Figure 4 shows the forward and reverse waveforms of the photoelectric encoder.
2. Absolute encoder
An absolute encoder is a detection element that directly converts the measured angle into a corresponding code by reading the pattern information on the code disk. There are three types of code disks: photoelectric, contact, and electromagnetic.
Photoelectric code disks are currently widely used. They precisely print binary codes on a transparent disc. Figure 5 shows a four-bit binary code disk. Each ring on the disk represents one binary digit. Black and white equally spaced patterns are printed on the same track to form a code. The black opaque area and the white translucent area represent binary "0" and "1" respectively. A four-bit photoelectric code disk has four rings of digit tracks, each representing one binary digit. The innermost track is the high-order bit, and the outermost track is the low-order bit. Within a 360° range, 2⁴ = 16 digits can be encoded.

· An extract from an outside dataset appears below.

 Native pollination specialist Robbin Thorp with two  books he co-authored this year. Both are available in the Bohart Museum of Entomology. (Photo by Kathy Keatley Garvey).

During operation, a power supply is placed on one side of the code disk, and a photoelectric receiving device is placed on the other side. Each code track corresponds to a phototube and amplification and shaping circuits. As the code disk rotates to different positions, the photoelectric element receives the light signal and converts it into a corresponding electrical signal. After amplification and shaping, it becomes the corresponding digital electrical signal. However, due to the influence of manufacturing and installation precision, reading errors will occur when the code disk rotates between two code segments. For example, when the code disk rotates clockwise from position "0111" to "1000", these four digits must change simultaneously. This may result in the digital being misread as any of the 16 possible codes, such as 1111, 1011, 1101, ... 0001, producing a large and unpredictable numerical error. This type of error is called non-single-valued error.
To eliminate non-single-valued errors, the following methods can be used.
2.1 Cyclic code disk (or Gray code disk)
Cyclic code, also known as Gray code, is a binary encoding that uses only two digits, "0" and "1". Figure 6 shows a four-bit binary cyclic code. The characteristic of this encoding is that only one bit changes between any two adjacent codes; that is, "0" changes to "1" or "1" changes to "0". Therefore, during the transformation between two numbers, the reading error will not exceed "1", and it can only be read as one of the two adjacent numbers. Therefore, it is an effective method for eliminating non-single-value errors.
2.2 Binary cyclic code disk with position-determining photoelectric device
This type of code disk adds an extra ring of signal bits to the outermost ring of a four-bit binary cyclic code disk. Figure 7 shows a binary cyclic code disk with a position-determining photoelectric device. The positions of the signal bits on the outermost ring of this code disk are exactly offset from the state intersection line. The reading is only taken when the photoelectric element at the signal bit has a signal, thus avoiding non-single-valued errors.